- Directed by: S. T. Vendan
- Written by: V. Prabhakar (dialogue)
- Screenplay by: S. T. Vendan
- Story by: S. T. Vendan
- Produced by: T. Rajeswari
- Starring: Nithin Sathya Disha Pandey
- Cinematography: D. I. Raameshwaran
- Edited by: V. M. Uthayasankar
- Music by: Kannan
- Production company: Thaaiman Thiraiyagam
- Release date: 1 June 2012;
- Country: India
- Language: Tamil

= Mayanginen Thayanginen =

2012 Indian film by T. S. Vendan

Mayanginen Thayanginen is a 2012 Indian Tamil-language romantic thriller film written and directed by T. S. Vendan, who earlier directed Inba.
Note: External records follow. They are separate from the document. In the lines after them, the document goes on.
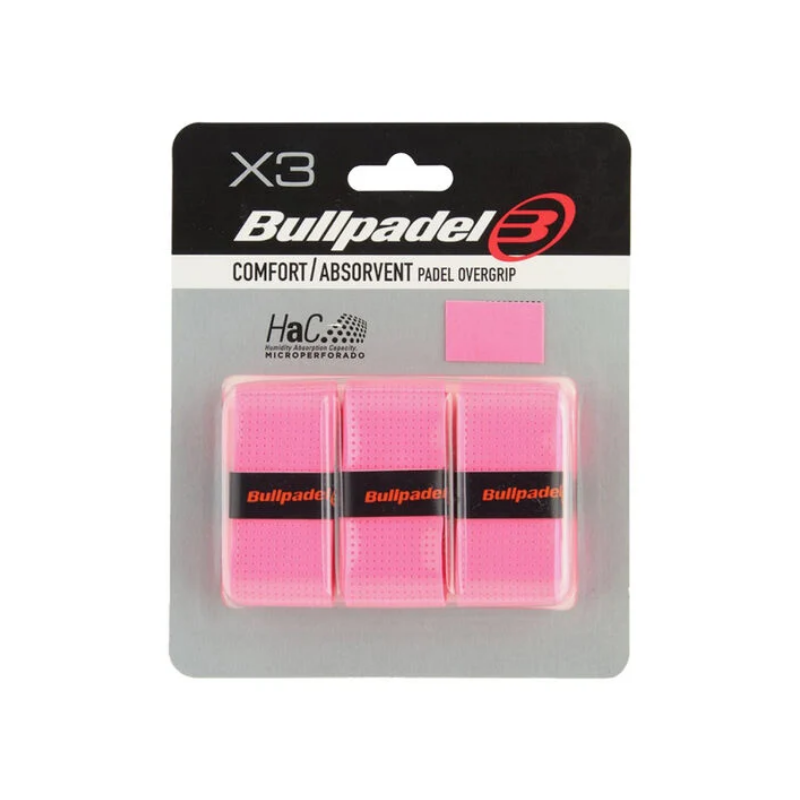 BULLPADEL COMFORT ABSORBENT OVERGRIP - ROZE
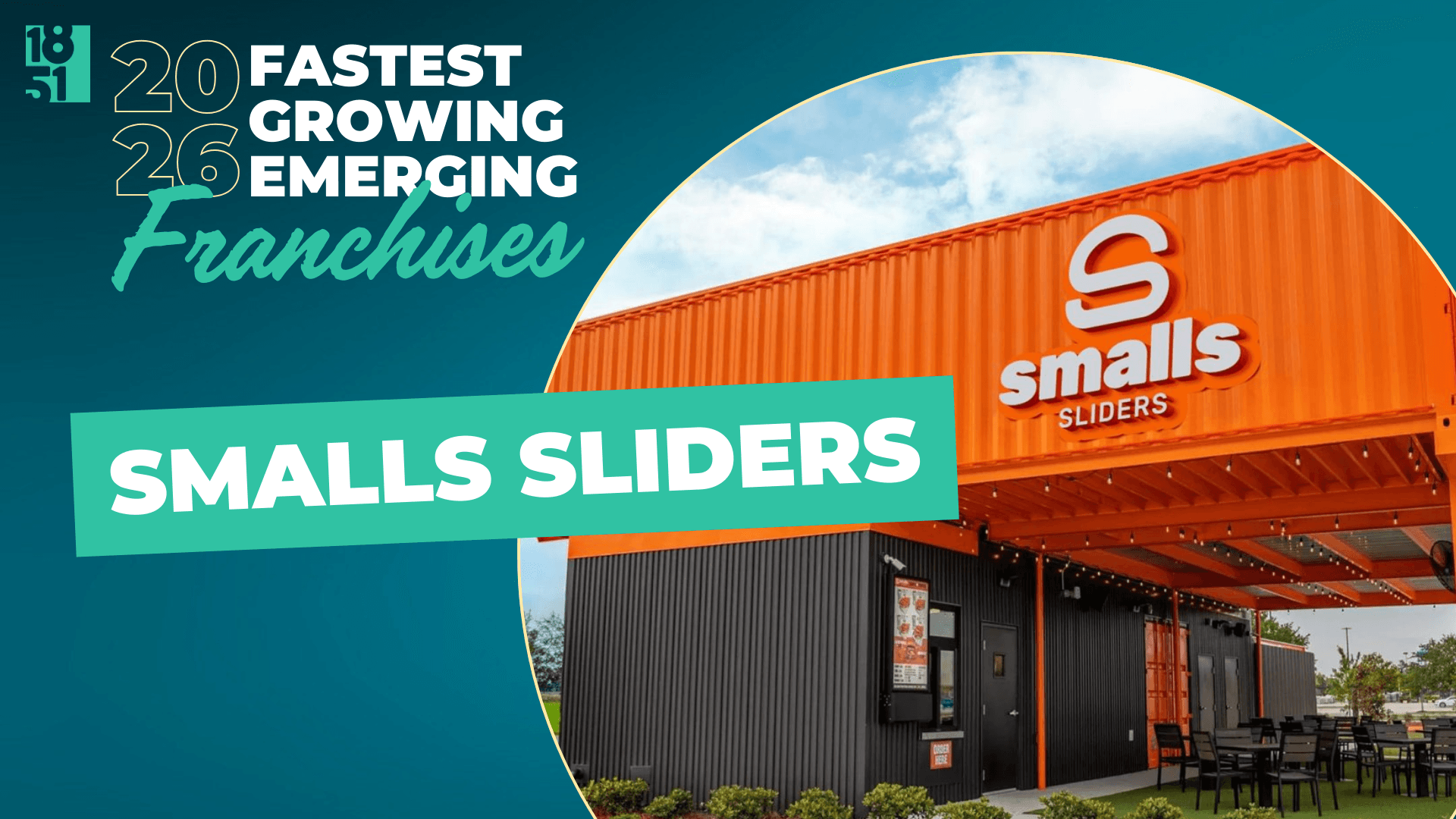 1851 Franchise’s Fastest Growing Emerging Franchises of 2026: Smalls Sliders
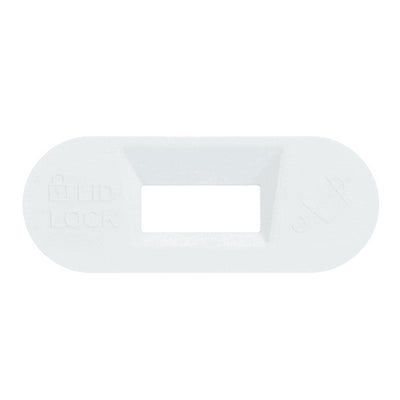 Whirlpool Part# W11545554 Lid Lock Bezel - White (OEM)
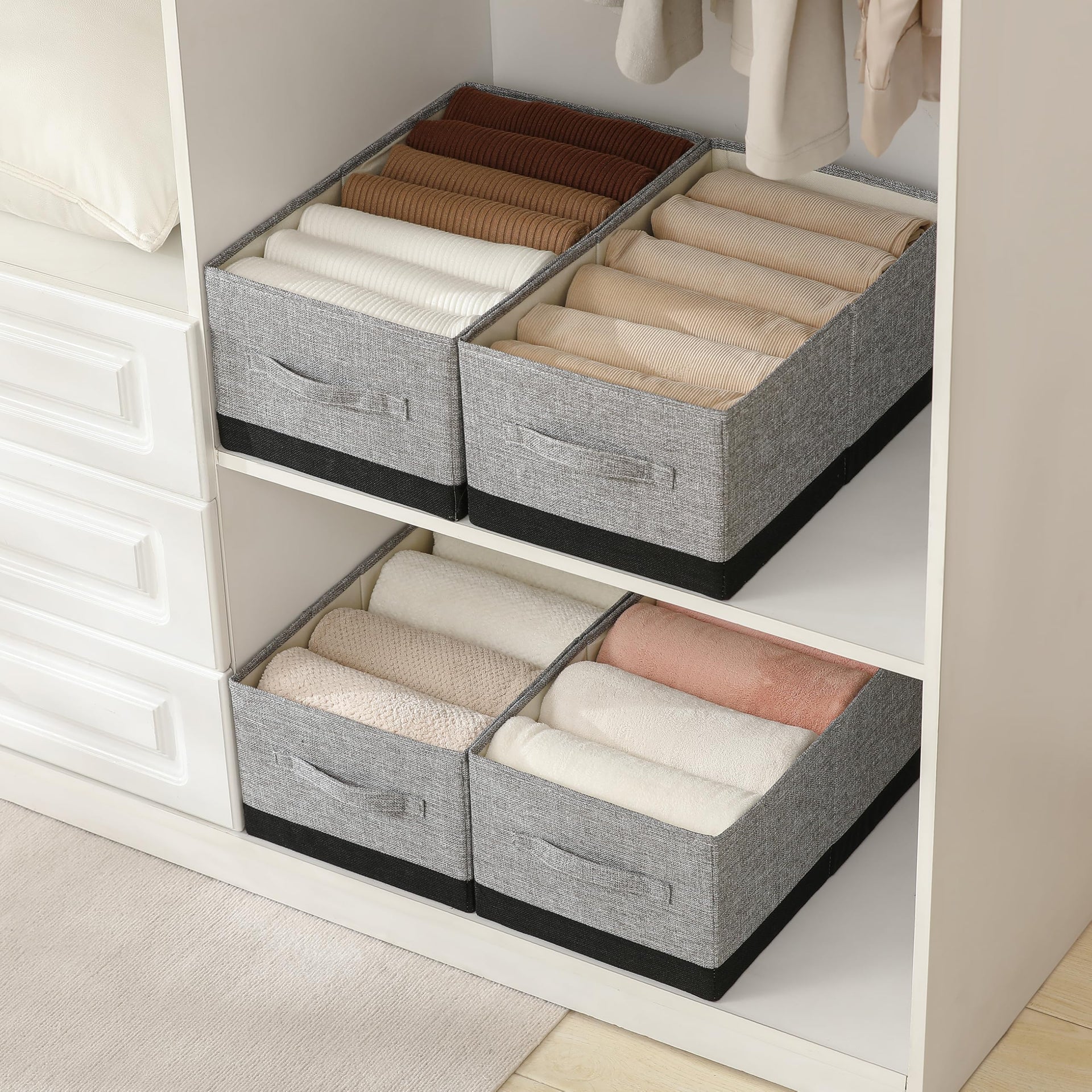 Linen Folding Storage Bins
It stars Nithin Sathya and Disha Pandey in the lead roles with Pawan, Tarun Shatriya and Tejashree in supporting roles. The film which was shot between 2010 and 2011 was released on 1 June 2012.

== Production ==
Production began in 2010, and was completed in 2011. The producer's son, Bala, made his actig debut as a mechanic. During the making of the film, the producers filed a complaint and sought compensation from Disha Pandey for losses incurred due to her absence from the shoot.

==Soundtrack==
The songs are composed by Kannan. The audio launch was held in April 2012.
- "Aadi Varum Theru" – Mukesh, Chinnaponnu
- "Kanavinil Neeyum" – Vijay Prakash
- "Mayanginen Thayanginen" – Sathyaprakash
- "Kadavulin Koil" – Shweta Mohan
- "Unnai Vittu Ponaal" – Haricharan
- "Mayanginen Thayanginen" – Thilaka

== Release and reception ==
The film received a U certificate from the censor board after the makers agreed to 100 cuts. Maalai Malar gave a negative review for the film.